**What to do**
Exactly as they appear below, repeat the lines from the one with "Hey guys, it's" through the one with "Hey guys, we're". Drop every picture.

**Data provided**
=== Section Start ===

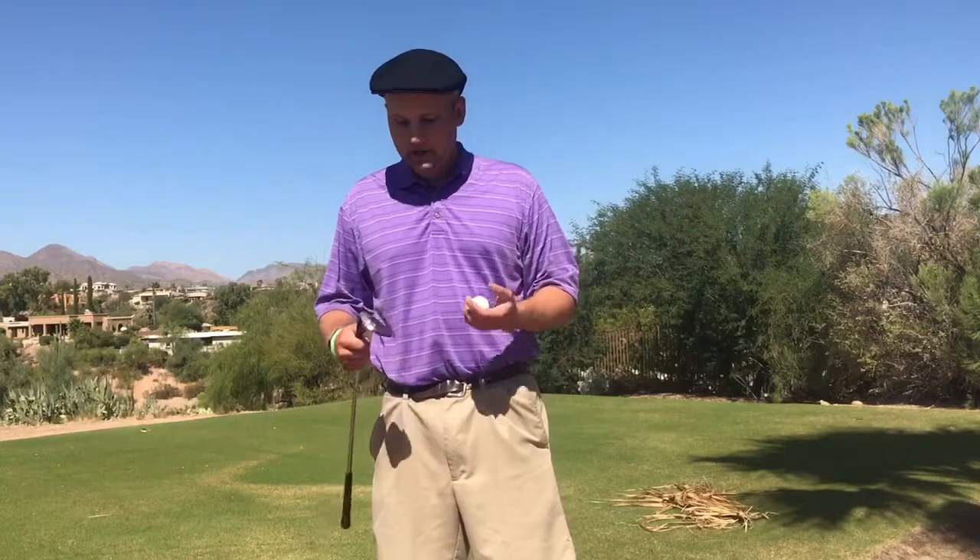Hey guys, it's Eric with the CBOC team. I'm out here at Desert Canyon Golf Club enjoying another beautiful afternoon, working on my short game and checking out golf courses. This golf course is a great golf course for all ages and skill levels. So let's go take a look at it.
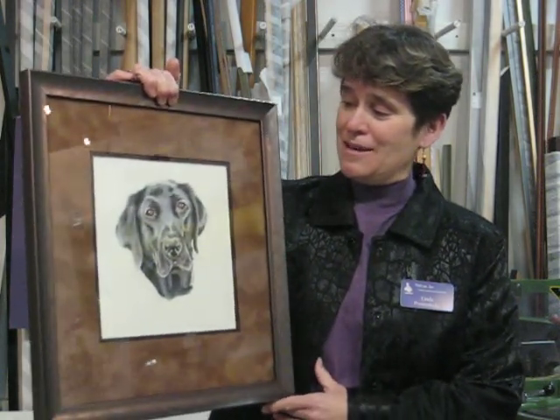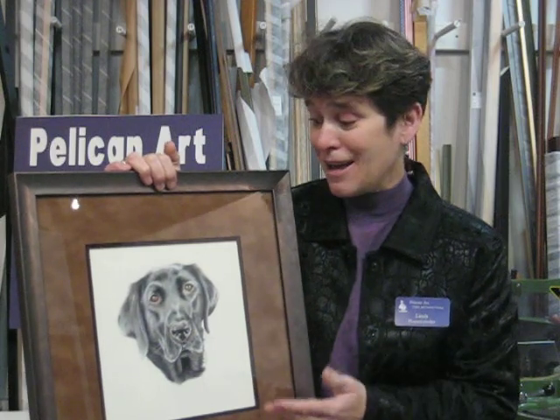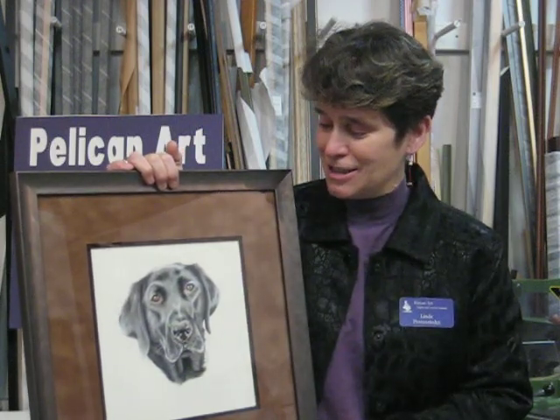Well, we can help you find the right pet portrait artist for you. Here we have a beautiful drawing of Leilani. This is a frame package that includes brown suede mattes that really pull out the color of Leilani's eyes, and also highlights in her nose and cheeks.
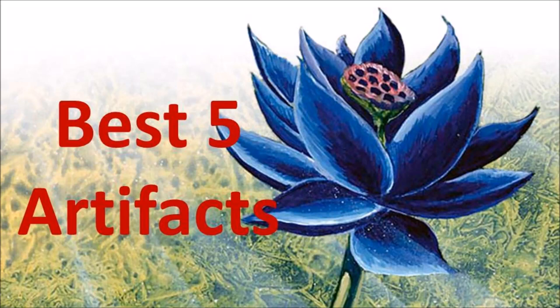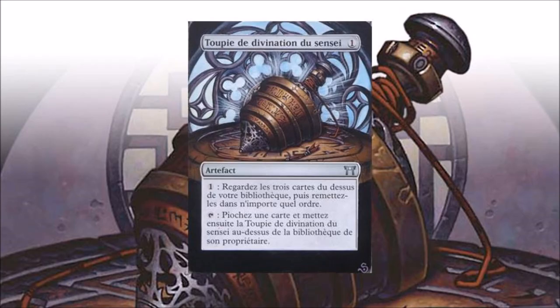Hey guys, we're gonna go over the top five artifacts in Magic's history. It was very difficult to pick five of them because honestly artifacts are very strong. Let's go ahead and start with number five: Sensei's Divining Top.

=== Section End ===
=== Section Start ===

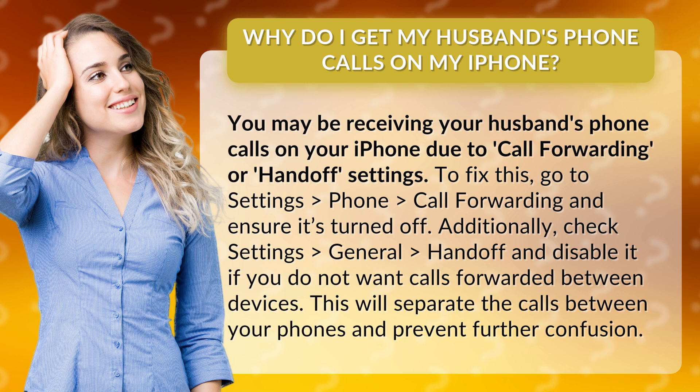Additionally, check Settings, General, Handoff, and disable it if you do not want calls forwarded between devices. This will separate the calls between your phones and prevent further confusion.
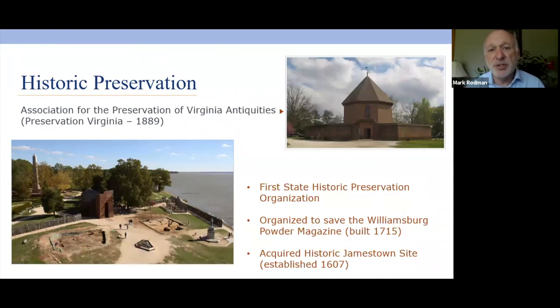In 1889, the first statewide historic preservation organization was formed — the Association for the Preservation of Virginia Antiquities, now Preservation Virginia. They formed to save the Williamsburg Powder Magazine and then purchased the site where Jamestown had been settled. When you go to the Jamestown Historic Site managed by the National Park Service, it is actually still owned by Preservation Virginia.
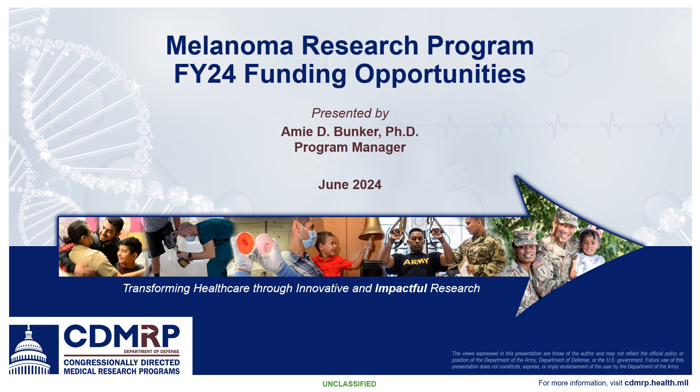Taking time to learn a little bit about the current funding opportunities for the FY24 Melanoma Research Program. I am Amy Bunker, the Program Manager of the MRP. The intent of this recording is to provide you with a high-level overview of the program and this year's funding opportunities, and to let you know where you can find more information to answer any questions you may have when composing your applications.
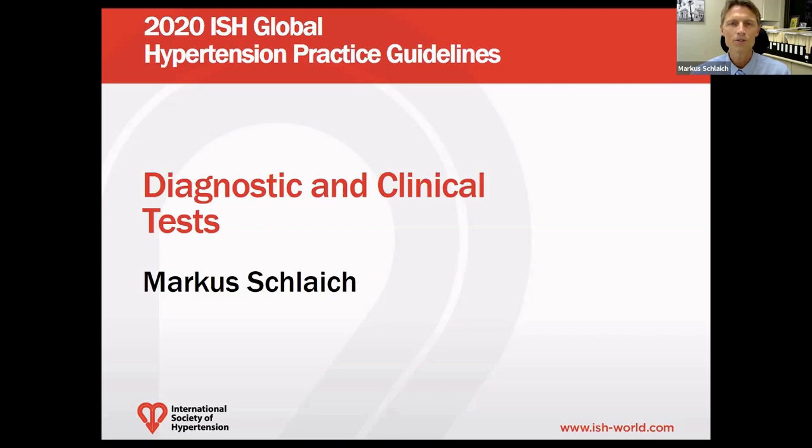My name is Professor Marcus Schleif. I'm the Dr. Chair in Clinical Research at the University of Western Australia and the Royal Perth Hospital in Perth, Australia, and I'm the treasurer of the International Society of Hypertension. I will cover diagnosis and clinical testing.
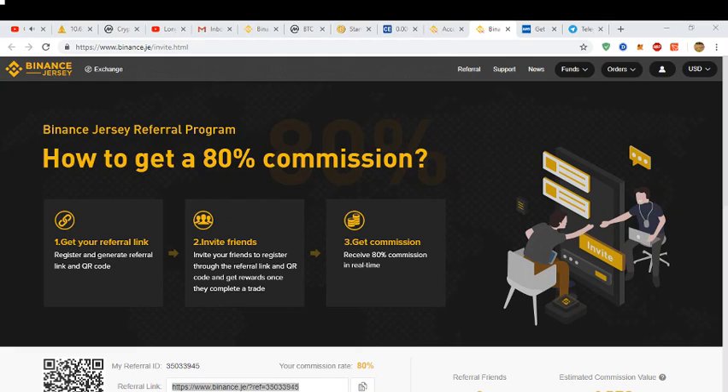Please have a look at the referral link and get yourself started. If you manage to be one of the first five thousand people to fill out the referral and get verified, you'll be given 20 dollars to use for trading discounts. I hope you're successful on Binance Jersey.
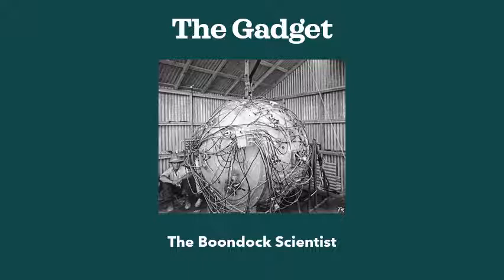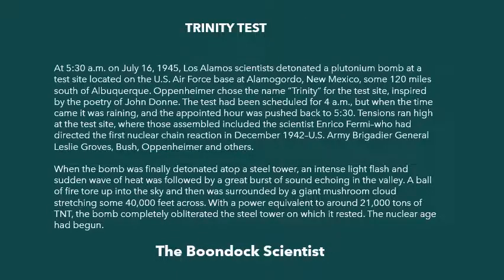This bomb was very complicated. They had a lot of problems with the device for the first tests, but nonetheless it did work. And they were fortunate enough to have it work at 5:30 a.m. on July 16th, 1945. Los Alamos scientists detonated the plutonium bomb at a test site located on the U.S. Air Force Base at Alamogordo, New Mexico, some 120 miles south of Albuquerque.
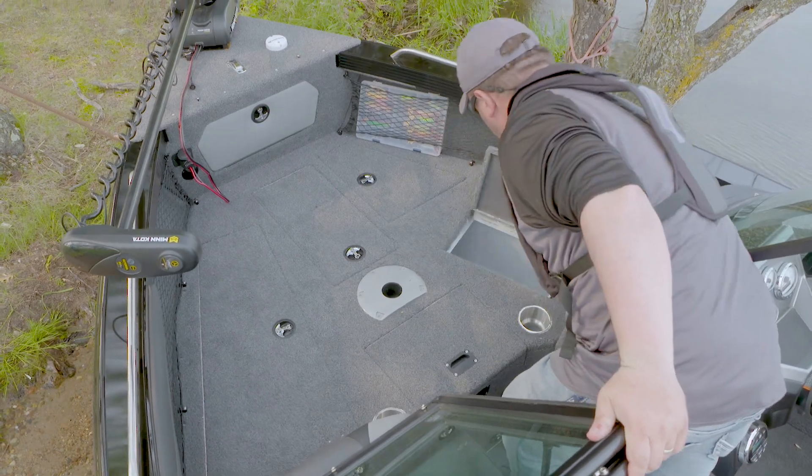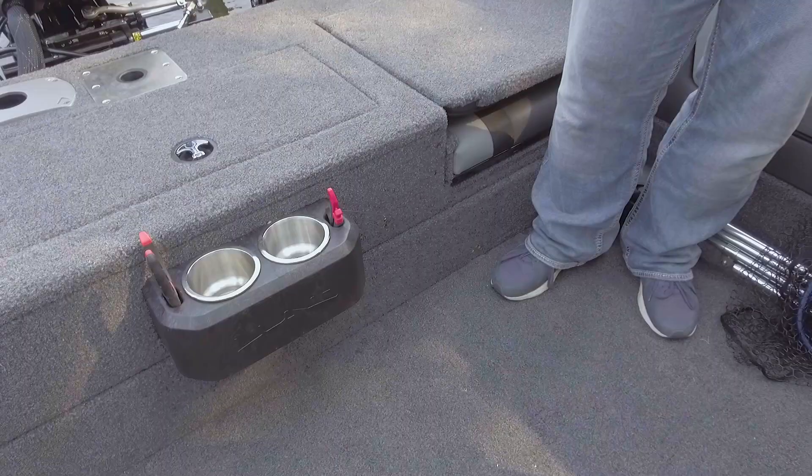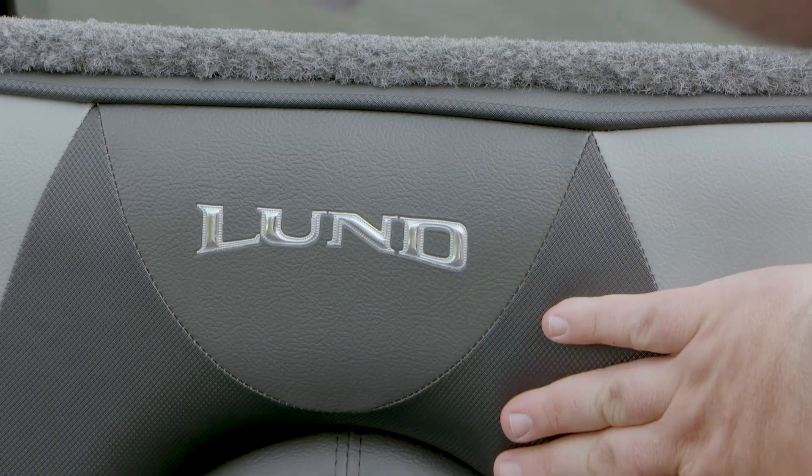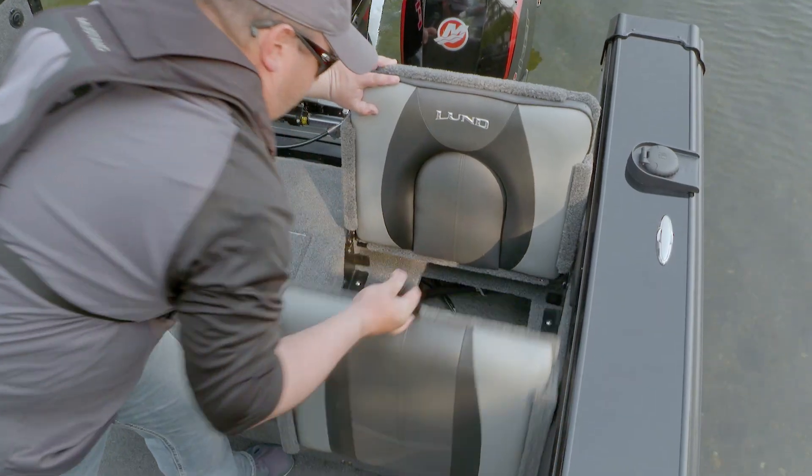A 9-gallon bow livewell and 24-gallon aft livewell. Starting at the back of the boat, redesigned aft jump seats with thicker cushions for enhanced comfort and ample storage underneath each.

=== Section End ===

**Expected output**
Hey guys, it's Eric with the CBOC team. I'm out here at Desert Canyon Golf Club enjoying another beautiful afternoon, working on my short game and checking out golf courses. This golf course is a great golf course for all ages and skill levels. So let's go take a look at it.
Well, we can help you find the right pet portrait artist for you. Here we have a beautiful drawing of Leilani. This is a frame package that includes brown suede mattes that really pull out the color of Leilani's eyes, and also highlights in her nose and cheeks.
Hey guys, we're gonna go over the top five artifacts in Magic's history. It was very difficult to pick five of them because honestly artifacts are very strong. Let's go ahead and start with number five: Sensei's Divining Top.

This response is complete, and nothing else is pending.